─── Records shown ───
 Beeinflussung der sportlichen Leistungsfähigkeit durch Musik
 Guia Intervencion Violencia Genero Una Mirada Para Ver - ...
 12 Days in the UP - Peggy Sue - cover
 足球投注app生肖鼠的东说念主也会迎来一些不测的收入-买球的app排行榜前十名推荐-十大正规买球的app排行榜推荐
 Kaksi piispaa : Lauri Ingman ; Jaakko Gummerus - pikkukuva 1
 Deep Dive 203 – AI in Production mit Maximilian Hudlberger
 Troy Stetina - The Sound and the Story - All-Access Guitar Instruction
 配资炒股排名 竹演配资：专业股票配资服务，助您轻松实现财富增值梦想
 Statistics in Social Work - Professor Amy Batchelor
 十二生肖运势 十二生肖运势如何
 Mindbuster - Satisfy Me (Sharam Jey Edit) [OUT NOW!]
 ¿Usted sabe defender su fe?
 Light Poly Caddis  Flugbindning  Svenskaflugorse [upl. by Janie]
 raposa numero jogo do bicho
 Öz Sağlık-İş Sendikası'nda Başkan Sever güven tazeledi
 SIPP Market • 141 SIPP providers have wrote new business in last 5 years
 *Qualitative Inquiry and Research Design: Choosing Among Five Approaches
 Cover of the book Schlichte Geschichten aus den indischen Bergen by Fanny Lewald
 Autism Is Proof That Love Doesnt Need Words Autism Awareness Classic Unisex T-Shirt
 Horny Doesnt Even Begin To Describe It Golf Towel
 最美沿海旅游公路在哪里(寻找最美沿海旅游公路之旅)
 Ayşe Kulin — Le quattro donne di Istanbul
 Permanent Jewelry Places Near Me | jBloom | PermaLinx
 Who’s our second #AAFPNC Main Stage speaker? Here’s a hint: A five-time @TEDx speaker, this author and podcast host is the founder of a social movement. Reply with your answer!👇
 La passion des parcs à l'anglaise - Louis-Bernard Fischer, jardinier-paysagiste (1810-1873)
───
Copy each line of the records containing the string "Doesnt".

 Autism Is Proof That Love Doesnt Need Words Autism Awareness Classic Unisex T-Shirt
 Horny Doesnt Even Begin To Describe It Golf Towel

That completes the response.